Another case in the line of cases holding parties to their commitments to mediate before filing suit.
Earlier this month, in Adams v. Newport Crest Homeowners Association, 2009 WL 2875361,
(Cal.App. 4 Dist., 2009), a California appellate court upheld the dismissal of a case on the grounds that the plaintiff failed to pursue mediation prior to seeking judicial relief. The agreement to mediate appeared in the settlement of a prior dispute, and that settlement was entered as a judgment of the court. As a result, I think this case might reasonably be read more as a case about failure to comply with a judicial order to mediate than as a case about failure to adhere to a contractual obligation to mediate. Or perhaps it is a hybrid between the two. In either event, the result was the same.
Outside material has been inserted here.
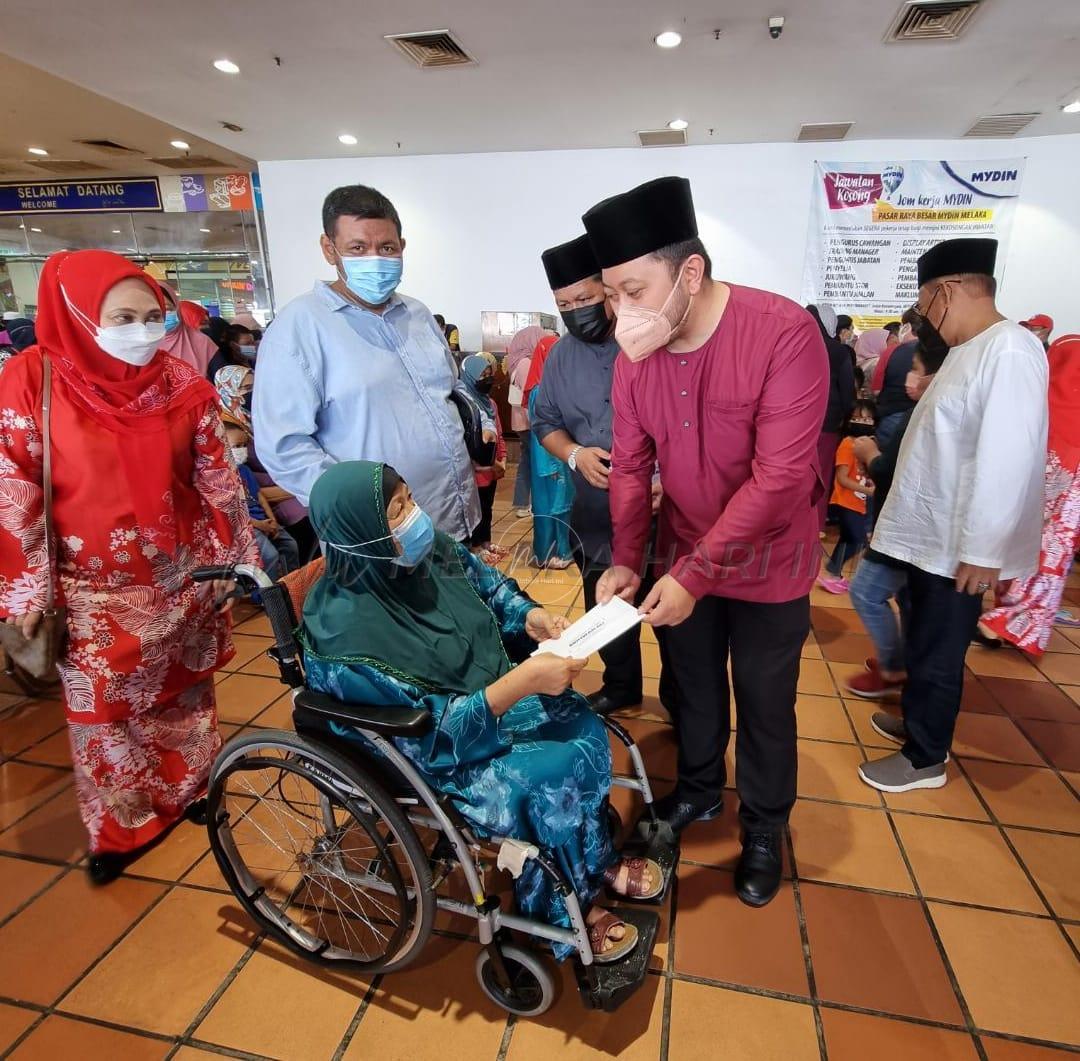 Riang Ria Raya rai 80 anak yatim, asnaf dan ibu tunggal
As I posted in an earlier blog entry, these cases that treat mediation as a jurisdictional prerequisite are fascinating. It’s true that one could discharge this obligation to mediate without significant cost in most cases. (It’s an agreement to mediate, not an agreement to agree, not even an agreement to make an offer of a particular flavor.) But these cases do raise the likelihood that we’ll see even more litigation about what it means to mediate. Most of these contractual obligations do not include explicit good faith requirements, as far as I know, but it’s no stretch to imagine pieces of the “good faith” framework being incorporated into an analysis of whether a set of mediation behaviors amounts to discharging a contractual duty to mediate.